* Problem details: Write an exact copy of the entries below that leaves out all pictures.

BEGIN Extracted entries

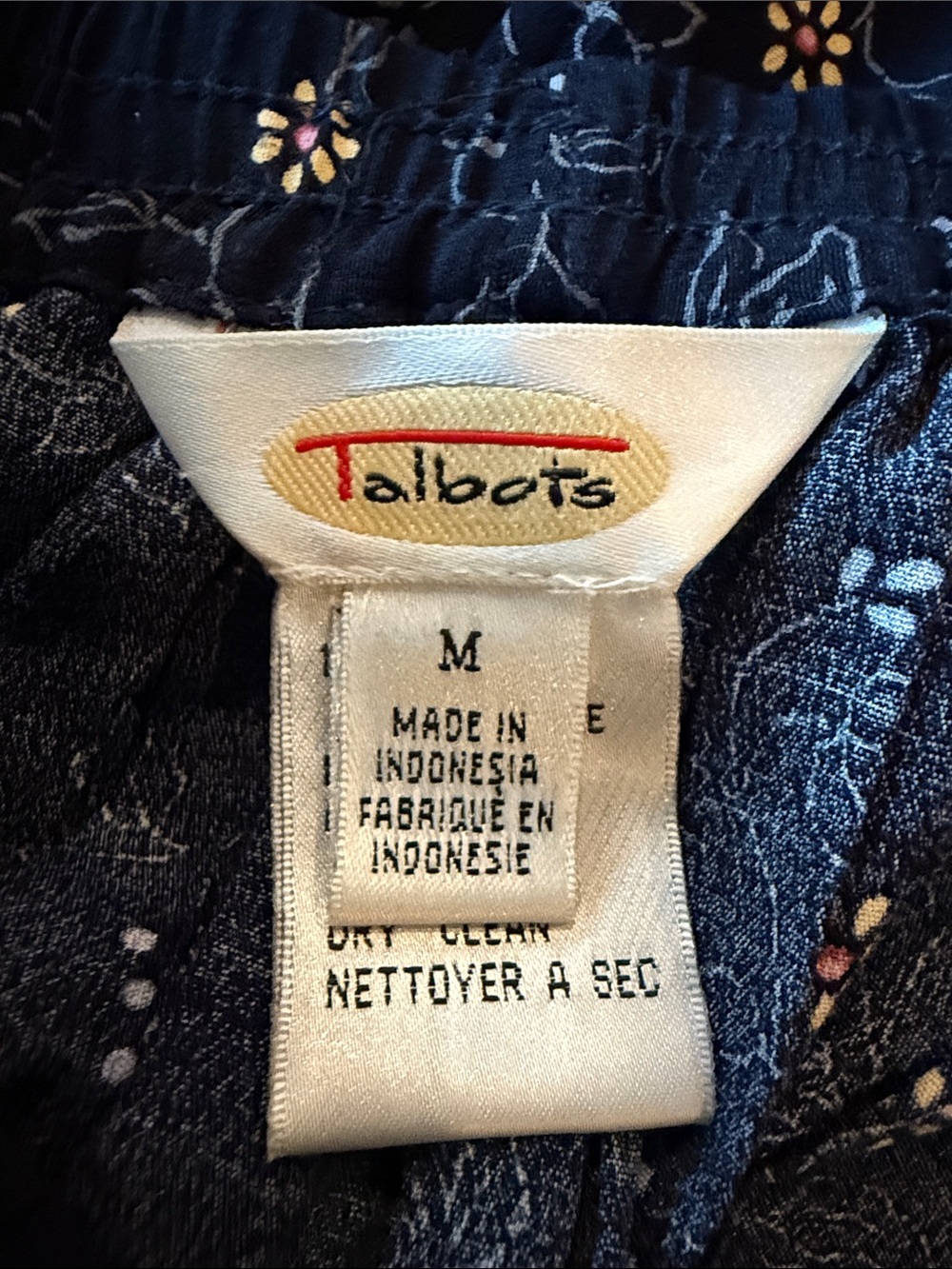 Talbots Navy Floral Pleated Maxi Skirt with Tiny Blossoms - Picture 4 of 5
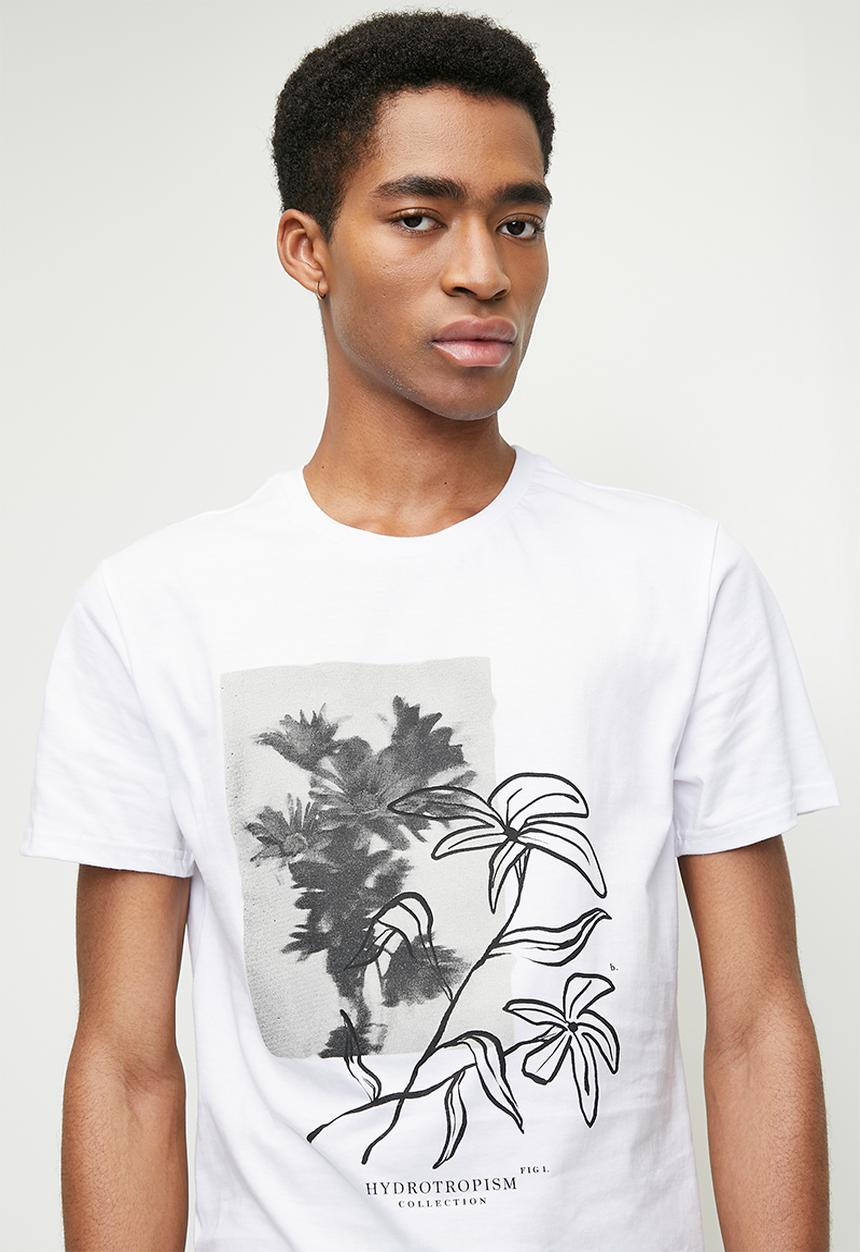 Superbalist - Slim Fit Art Graphic Tee - White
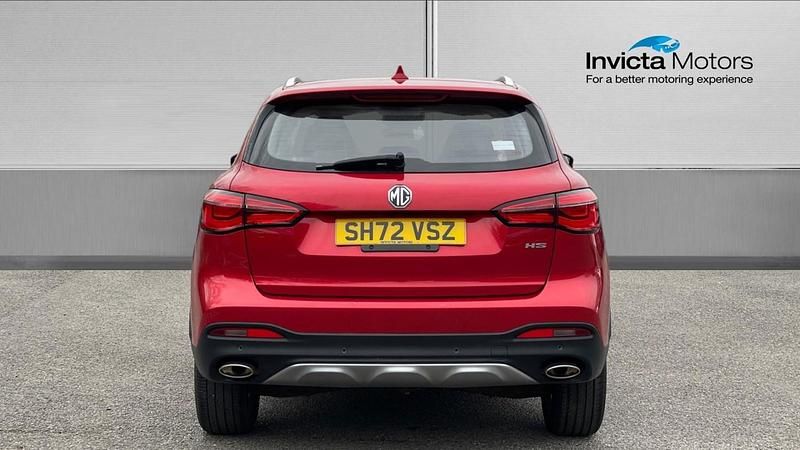 Used MG HS Exclusive 162 HP (119 kW) 2023 Red SUV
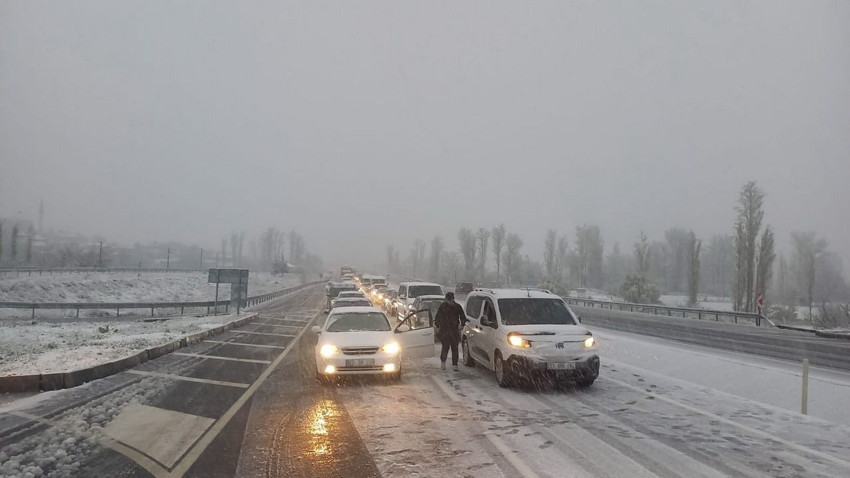 Mayıs'ta kar esareti: Yollar kapatıldı, okullar tatil edildi! - Resim: 3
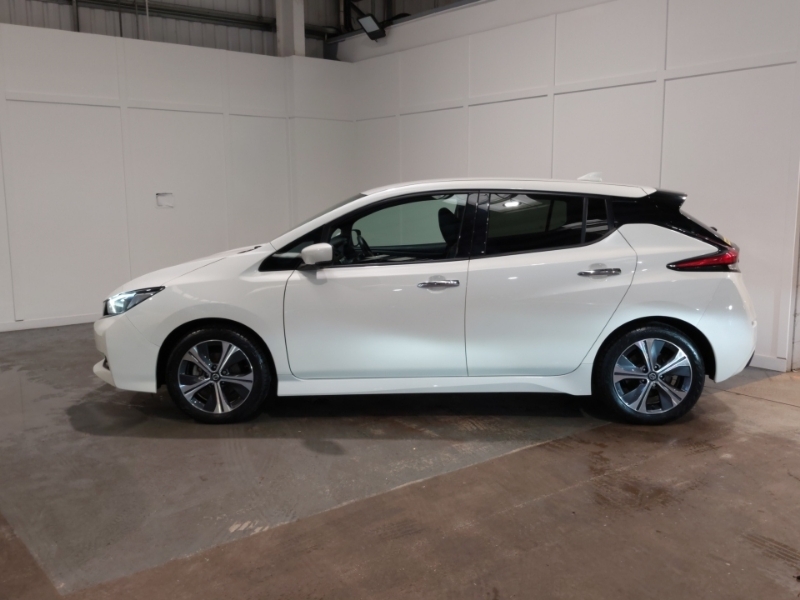 Nissan Leaf 110Kw N-connecta 40Kwh White #4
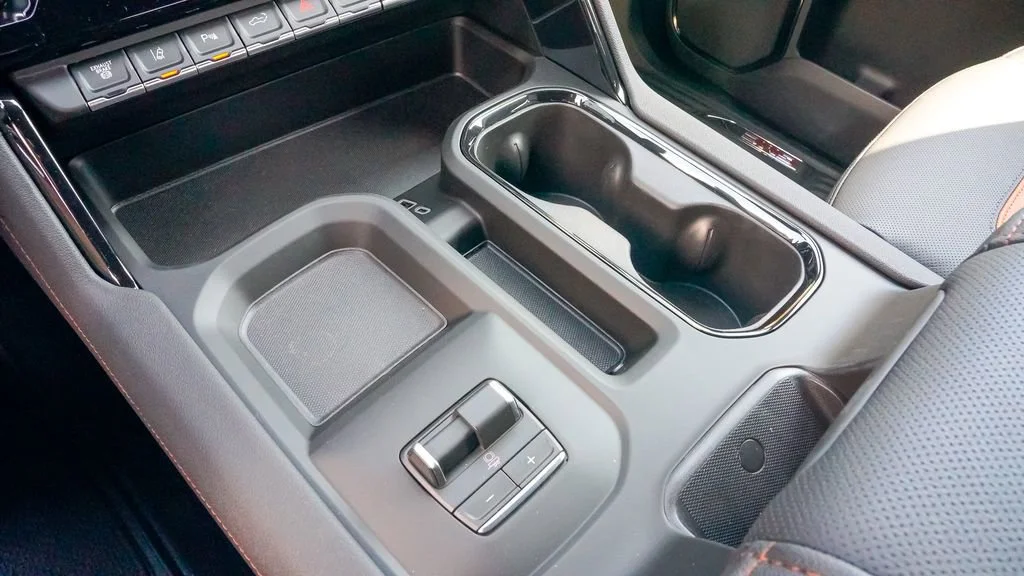 2026 GMC Sierra 2500HD AT4 - Photo 16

END Extracted entries

* Output for this exercise:
 Talbots Navy Floral Pleated Maxi Skirt with Tiny Blossoms - Picture 4 of 5
 Superbalist - Slim Fit Art Graphic Tee - White
 Used MG HS Exclusive 162 HP (119 kW) 2023 Red SUV
 Mayıs'ta kar esareti: Yollar kapatıldı, okullar tatil edildi! - Resim: 3
 Nissan Leaf 110Kw N-connecta 40Kwh White #4
 2026 GMC Sierra 2500HD AT4 - Photo 16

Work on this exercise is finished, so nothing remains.